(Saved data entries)
=== Section Start ===
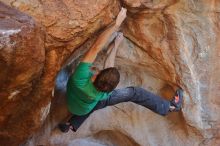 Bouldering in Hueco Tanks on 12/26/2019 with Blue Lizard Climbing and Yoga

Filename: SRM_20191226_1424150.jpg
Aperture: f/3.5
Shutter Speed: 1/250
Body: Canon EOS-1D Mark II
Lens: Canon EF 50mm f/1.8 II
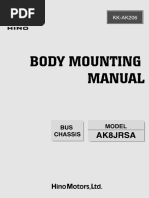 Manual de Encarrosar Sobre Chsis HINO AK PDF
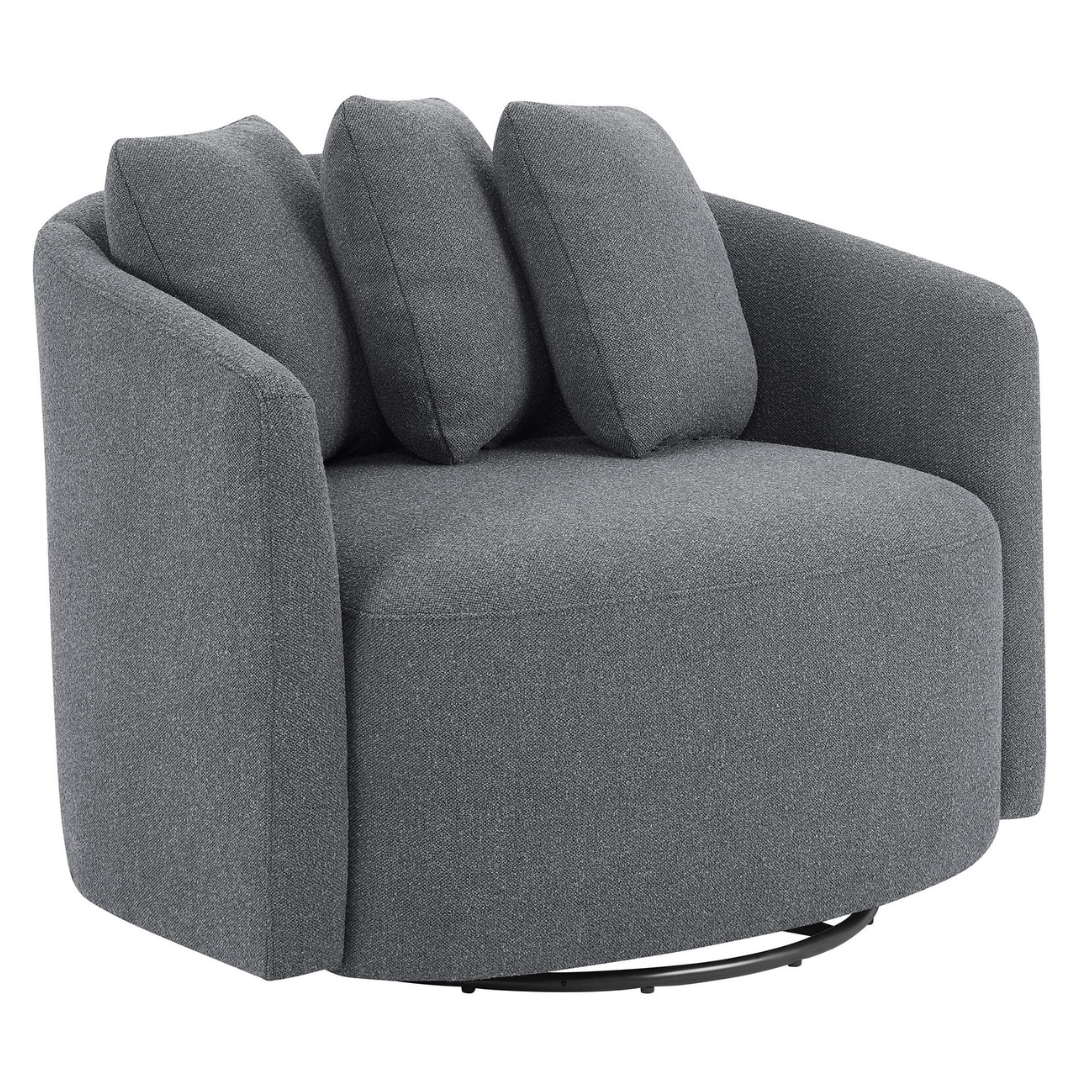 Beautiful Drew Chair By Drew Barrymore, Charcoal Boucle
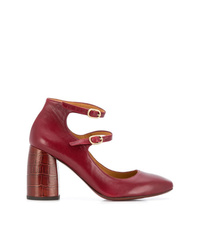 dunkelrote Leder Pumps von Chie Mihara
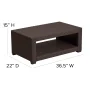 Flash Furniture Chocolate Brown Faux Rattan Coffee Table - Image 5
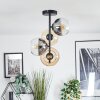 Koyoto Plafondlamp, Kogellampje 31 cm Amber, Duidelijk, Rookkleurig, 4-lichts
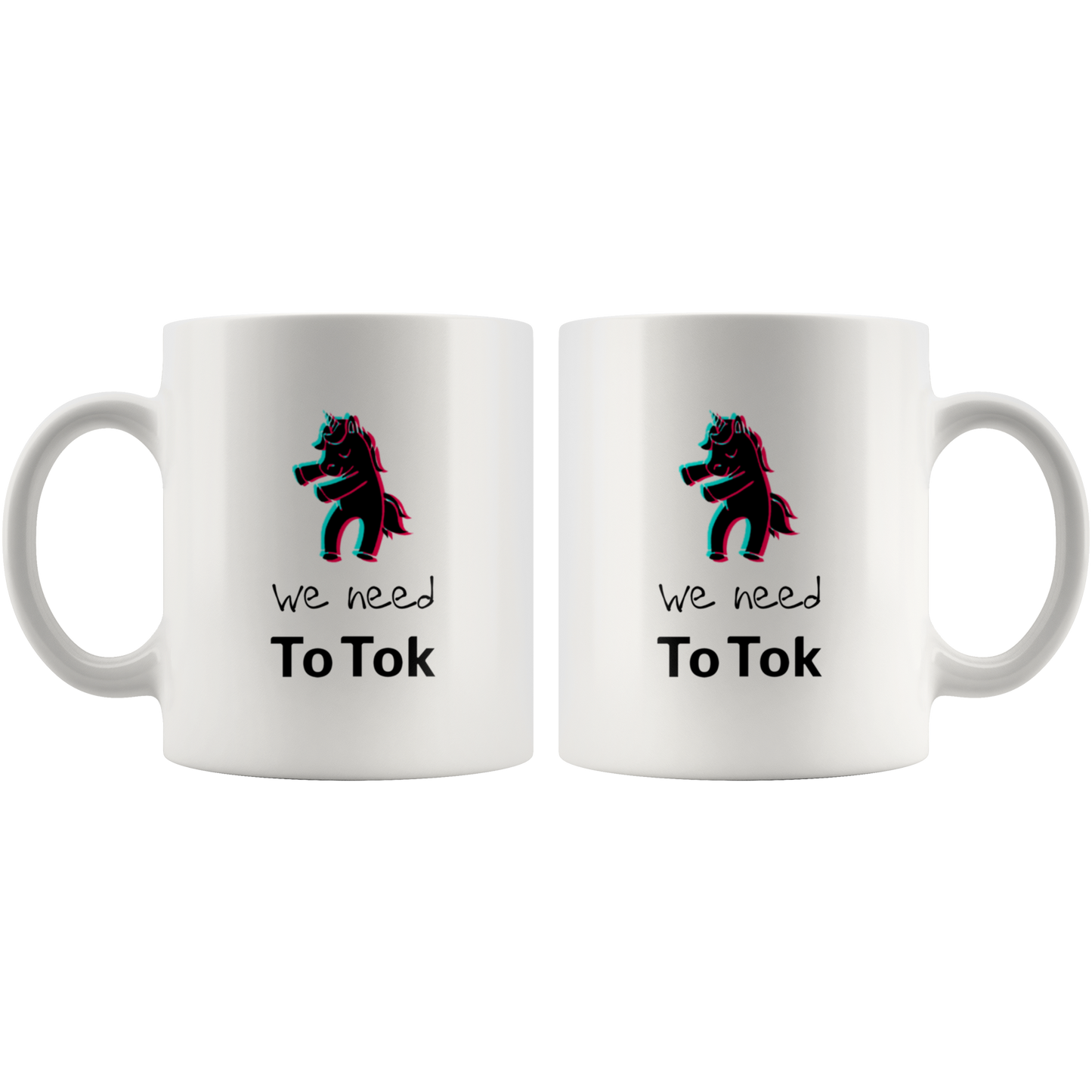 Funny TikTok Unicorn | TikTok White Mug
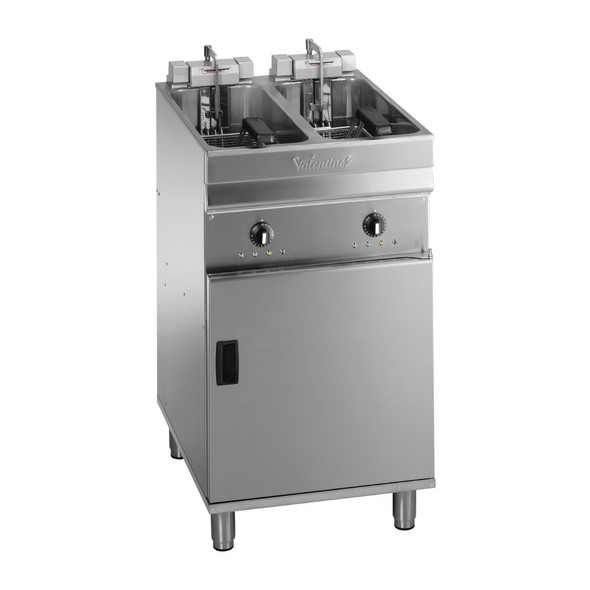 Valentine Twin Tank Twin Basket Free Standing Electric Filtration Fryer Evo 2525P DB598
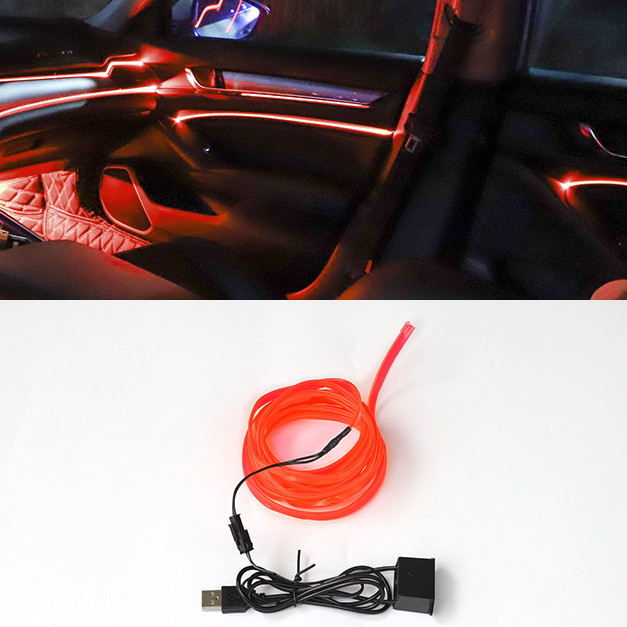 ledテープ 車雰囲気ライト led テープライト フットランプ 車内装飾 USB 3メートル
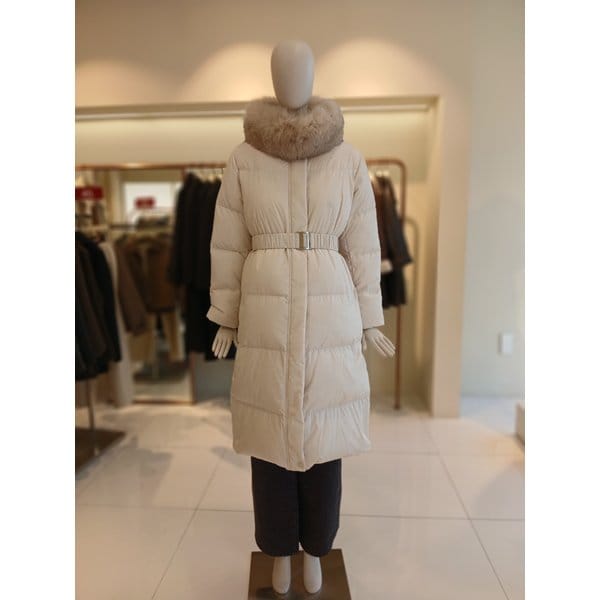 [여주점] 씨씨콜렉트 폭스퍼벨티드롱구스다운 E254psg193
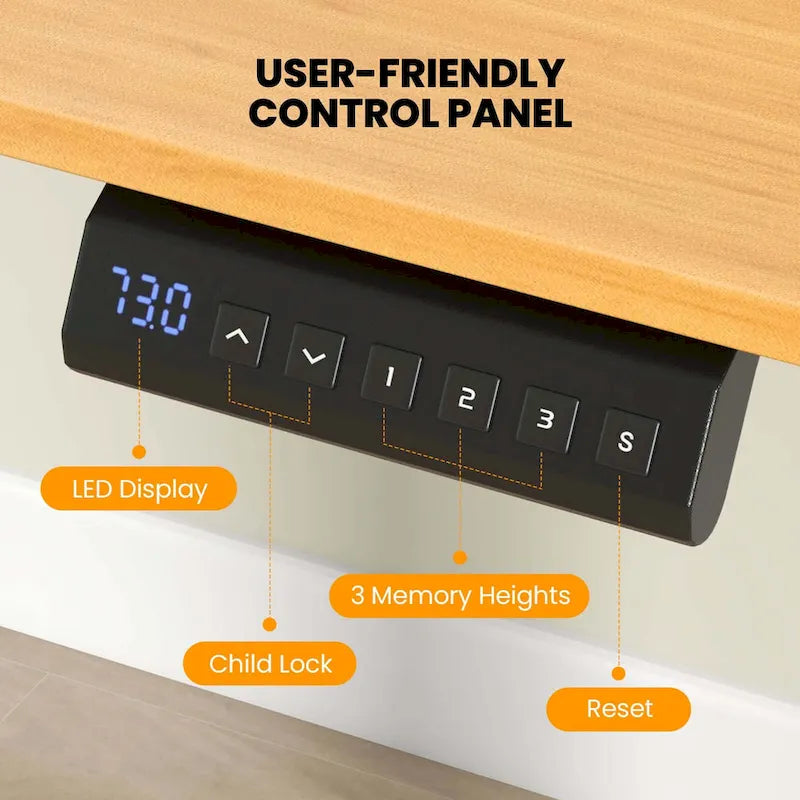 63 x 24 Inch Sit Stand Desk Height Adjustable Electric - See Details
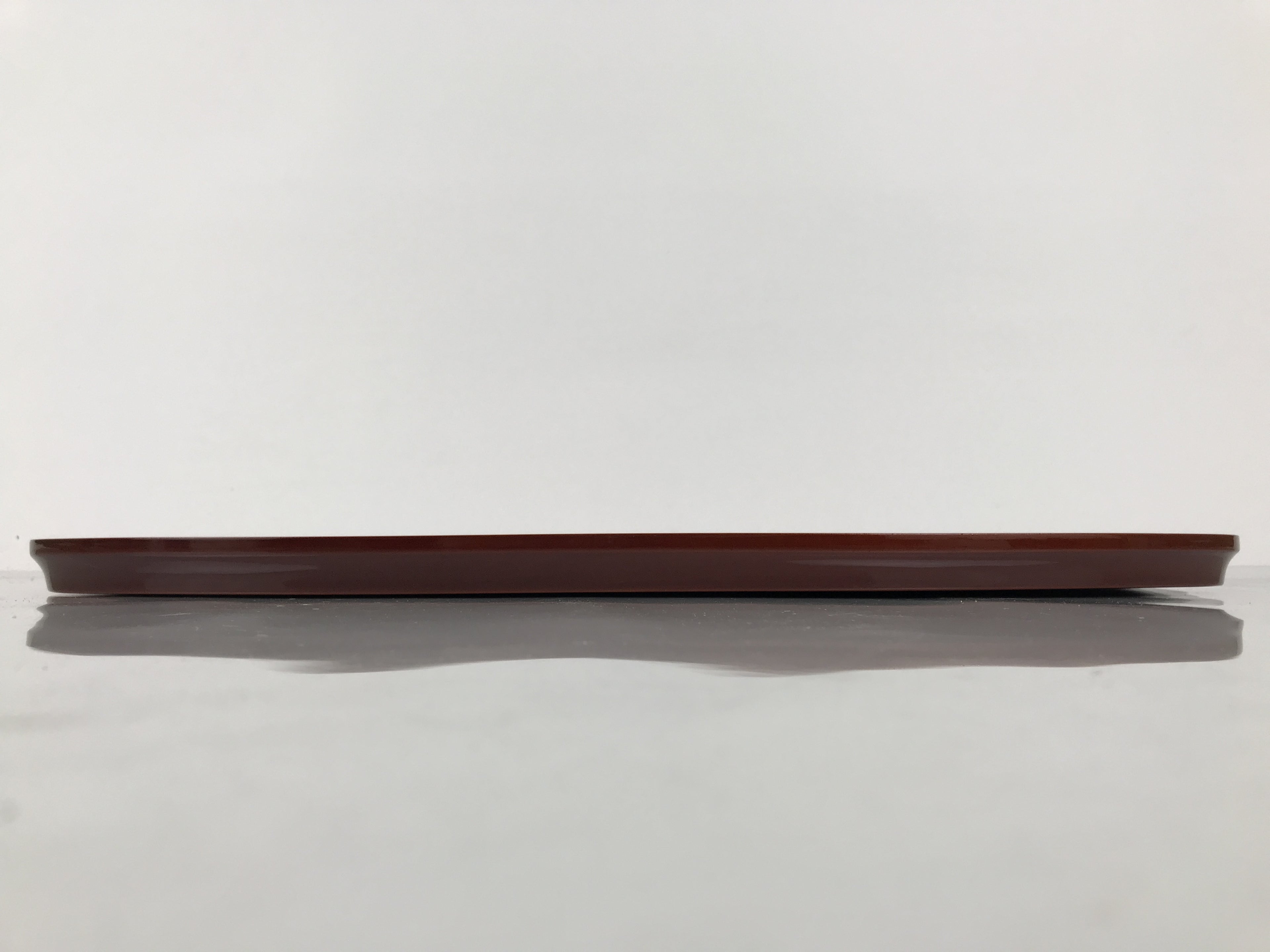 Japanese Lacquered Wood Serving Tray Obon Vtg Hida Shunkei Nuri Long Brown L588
=== Section End ===
- _BRIEF_
Reproduce the lines above beginning at the line that contains "Lens: Canon EF 50mm f/1.8 II" and ending at the line that contains "Valentine Twin Tank". No pictures.

- _SOLUTION_
Lens: Canon EF 50mm f/1.8 II
 Manual de Encarrosar Sobre Chsis HINO AK PDF
 Beautiful Drew Chair By Drew Barrymore, Charcoal Boucle
 dunkelrote Leder Pumps von Chie Mihara
 Flash Furniture Chocolate Brown Faux Rattan Coffee Table - Image 5
 Koyoto Plafondlamp, Kogellampje 31 cm Amber, Duidelijk, Rookkleurig, 4-lichts
 Funny TikTok Unicorn | TikTok White Mug
 Valentine Twin Tank Twin Basket Free Standing Electric Filtration Fryer Evo 2525P DB598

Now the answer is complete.